The thick rainforest formed a canopy above us and the rich bio-diversity of the area was a welcome sight. The landscape winding through the dense forest region allows you to explore the true beauty of the mountain rainforest.

Although we saw some birds they didn’t break the silence of the area with their songs.

Wild boar and fishing cats are the permanent residents of this forest, surprisingly though, the regular leaches were not to be seen. A few hours into the journey brought us to a small stream, two to three feet wide, and we decided to fill our bottles with pure cold water as this would be the second and last water source we would meet on our way to the summit. Walking on for a few more hours we reached a plateau with many rocks which looked like a camping site.

We took our first break here, munching biscuits and taking in the scenic beauty of the area.

We used a rope to climb the steep terrain. Even though the terrain was not wet we had to use the rope as the steep was a 60 degree climb.

When we glimpsed at the mountain top through the tree canopy we realized we were in the vicinity of the mountain. The trek became tougher than we thought, and it was hard to climb without the support of the branches or holding on to one another.
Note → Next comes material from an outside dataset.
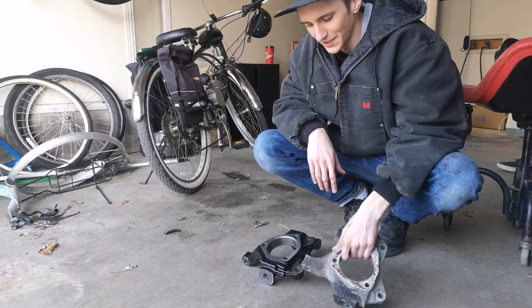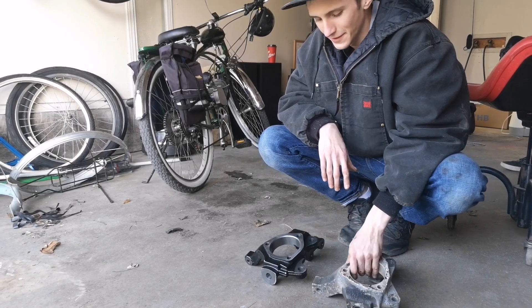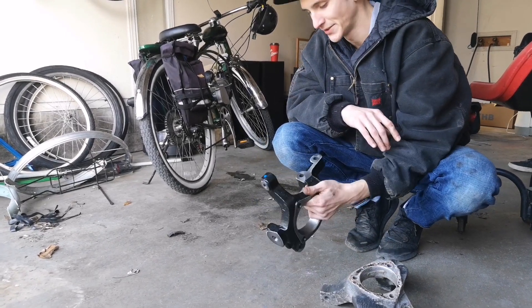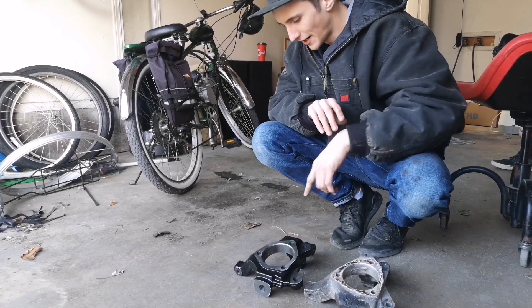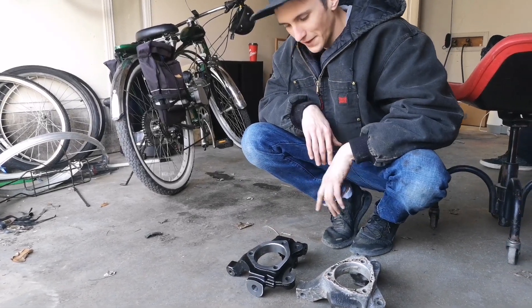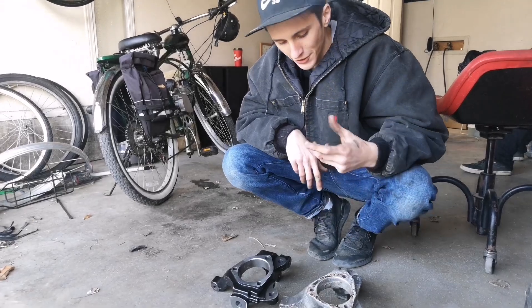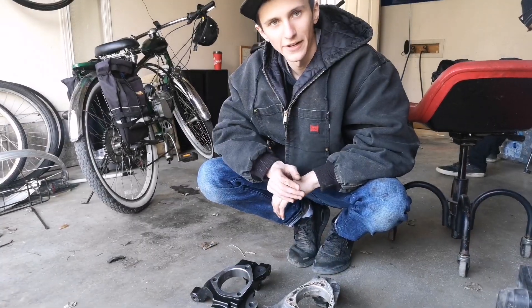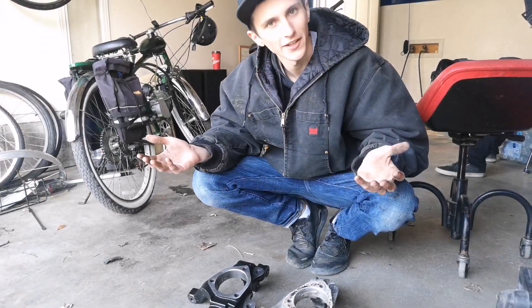We've got our old steering knuckle here — nice and cracked right there. This one's aluminum by the way, and we've got a replacement here which seems to be steel — a lot more hefty. I don't think that one's going to break. As long as it fits, should be good to go. It wasn't too hard taking that apart honestly, so let's put it back together now and move on to the next project.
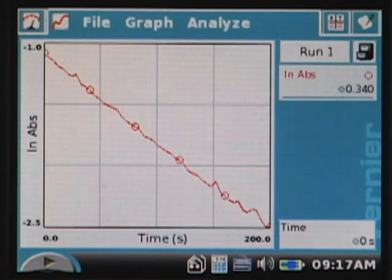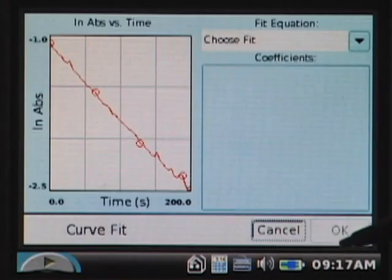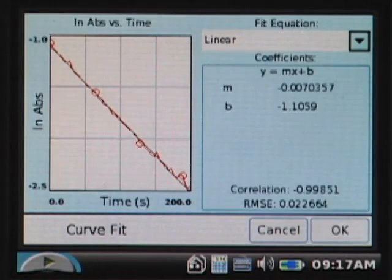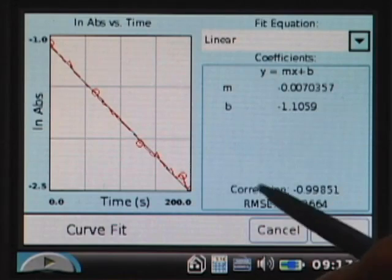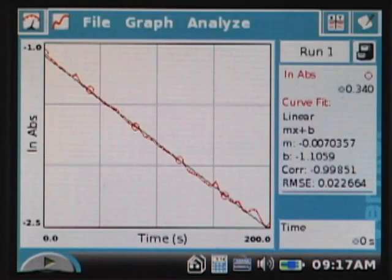That looks like more of a linear plot, which would suggest a first-order reaction — but let's not jump to conclusions. Going to Curve Fit on natural log of absorbance and choosing linear, the correlation coefficient this time is 0.9985, essentially 0.999. That's a very nice linear fit, and that would suggest this reaction is first order with respect to crystal violet.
The next steps were the most exciting and adventurous part of the journey. The track lined the edge of the mountain and on the left side was a steep cliff running down more than a thousand feet to the bottom of the forest.

We managed to pass the dangerous part of the journey and after five hours, reached the first view point, at 1.10 pm to be exact, at an altitude of 2,054 m above mean sea level.

The magnificent 180 degree wide angle portrayed a breathtaking scenery. The Podi Menike was traversing the huge bend to pass the Iron Bridge to reach the GW Station before the Udarata Menike reaches the Station.

The summit stood tall on our right, beckoning us to reach it. On the rear was a greenish endless mountain forest, a colorful sight, mixed with yellow and light red. No winds blew to embrace our sweating bodies nor to sway the trees, which looked like stone pillars.

After a short break we started on the last lap of our journey entering the Pigmy forests. As we ascended we had to creep through the forest canopy, which was not more than 3-4 feet high. To enhance the beauty of the forest, blue and white tiny flowers coated the green canopy. For a moment we felt we were lost in a flower garden.

We could reach the 7th highest mountain, the Great Western summit, 2,201 m above mean sea level, within 25 minutes amid all the danger and excitement. On the top of the summit, a few footpaths were visible, running in different directions. The straightforward path goes to the third view point, which is a wide open rocky surface. The left side ends at the second view point. The southern area captures the holy mountain of Sri Pada, Seven Virgins, Kirigalpotta and Totupola Kanda on the Horton Plains, while on the left is Radella and Uda Radella. The Railway Station stood isolated. We were disappointed that we missed best opportunity to view from this point the spectacular scenes of Podi Menike and Udarata Menike meeting each other on their long journey.

Suddenly, the whole area was enveloped by a thick mist, obstructing our view. We felt a cool breeze as the dark rain clouds emerged over the sky warning us of our next challenge.

We sat on the 2,201m high mountain summit to have lunch, a light meat of sandwiches. The slight drizzle turned into a shower and suddenly, it started raining cats and dogs. It was 2.37 pm and we decided to descend without having lunch. The path we had used to climb had become a muddy field now.

Some of our crew stumbled, slipping in the mud and losing their grip. In the thick mist covered, dark forest, a false footpath led us in the wrong direction.

Finally, we reached the small stream and continued towards the Kovil premises around 5.20 pm. We came out of the forest, completing a most adventurous and unforgettable journey.